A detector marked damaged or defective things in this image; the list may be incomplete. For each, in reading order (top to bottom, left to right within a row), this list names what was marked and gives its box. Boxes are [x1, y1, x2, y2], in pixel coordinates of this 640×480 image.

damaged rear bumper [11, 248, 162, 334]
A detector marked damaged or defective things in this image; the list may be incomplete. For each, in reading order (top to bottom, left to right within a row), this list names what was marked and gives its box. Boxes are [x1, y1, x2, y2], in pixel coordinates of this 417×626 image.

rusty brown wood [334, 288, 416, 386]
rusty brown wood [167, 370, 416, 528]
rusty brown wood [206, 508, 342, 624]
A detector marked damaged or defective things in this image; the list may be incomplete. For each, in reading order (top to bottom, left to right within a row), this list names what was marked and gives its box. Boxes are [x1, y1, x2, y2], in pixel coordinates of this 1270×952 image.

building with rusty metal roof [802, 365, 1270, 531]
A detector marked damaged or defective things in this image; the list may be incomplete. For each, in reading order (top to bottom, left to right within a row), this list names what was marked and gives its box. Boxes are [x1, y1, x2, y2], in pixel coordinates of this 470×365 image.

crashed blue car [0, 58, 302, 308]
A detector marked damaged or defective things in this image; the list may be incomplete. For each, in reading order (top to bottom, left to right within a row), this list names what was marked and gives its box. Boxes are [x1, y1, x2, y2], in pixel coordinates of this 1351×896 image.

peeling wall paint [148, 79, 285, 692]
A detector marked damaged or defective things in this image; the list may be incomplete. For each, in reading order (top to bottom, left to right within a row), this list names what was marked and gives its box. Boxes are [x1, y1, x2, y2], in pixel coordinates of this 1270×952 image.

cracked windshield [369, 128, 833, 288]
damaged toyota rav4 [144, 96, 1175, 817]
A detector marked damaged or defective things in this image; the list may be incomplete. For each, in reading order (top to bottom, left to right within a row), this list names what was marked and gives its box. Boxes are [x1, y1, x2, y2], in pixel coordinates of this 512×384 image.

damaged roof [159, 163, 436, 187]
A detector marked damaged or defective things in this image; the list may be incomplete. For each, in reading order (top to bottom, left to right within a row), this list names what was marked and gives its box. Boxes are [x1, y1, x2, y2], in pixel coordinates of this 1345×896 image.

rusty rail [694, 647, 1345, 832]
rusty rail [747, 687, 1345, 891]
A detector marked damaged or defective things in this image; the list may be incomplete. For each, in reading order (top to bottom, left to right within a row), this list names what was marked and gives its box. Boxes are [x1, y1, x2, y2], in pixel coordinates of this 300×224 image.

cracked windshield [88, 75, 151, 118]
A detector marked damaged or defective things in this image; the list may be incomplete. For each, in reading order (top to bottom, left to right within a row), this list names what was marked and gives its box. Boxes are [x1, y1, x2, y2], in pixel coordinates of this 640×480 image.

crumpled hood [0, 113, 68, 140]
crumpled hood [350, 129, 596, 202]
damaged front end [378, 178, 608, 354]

WHAT YOU NEED TO DO
A reply should hold exactly the lines from the one containing "this 512×384 image." through the end of the data above, nothing more.

SOLUTION
A detector marked damaged or defective things in this image; the list may be incomplete. For each, in reading order (top to bottom, left to right within a row), this list names what was marked and gives its box. Boxes are [x1, y1, x2, y2], in pixel coordinates of this 512×384 image.

damaged roof [159, 163, 436, 187]
A detector marked damaged or defective things in this image; the list may be incomplete. For each, in reading order (top to bottom, left to right within a row), this list names what was marked and gives its box. Boxes are [x1, y1, x2, y2], in pixel coordinates of this 1345×896 image.

rusty rail [694, 647, 1345, 832]
rusty rail [747, 687, 1345, 891]
A detector marked damaged or defective things in this image; the list may be incomplete. For each, in reading order (top to bottom, left to right within a row), this list names what was marked and gives its box. Boxes are [x1, y1, x2, y2], in pixel coordinates of this 300×224 image.

cracked windshield [88, 75, 151, 118]
A detector marked damaged or defective things in this image; the list may be incomplete. For each, in reading order (top to bottom, left to right within a row), this list names what was marked and gives its box. Boxes are [x1, y1, x2, y2], in pixel coordinates of this 640×480 image.

crumpled hood [0, 113, 68, 140]
crumpled hood [350, 129, 596, 202]
damaged front end [378, 178, 608, 354]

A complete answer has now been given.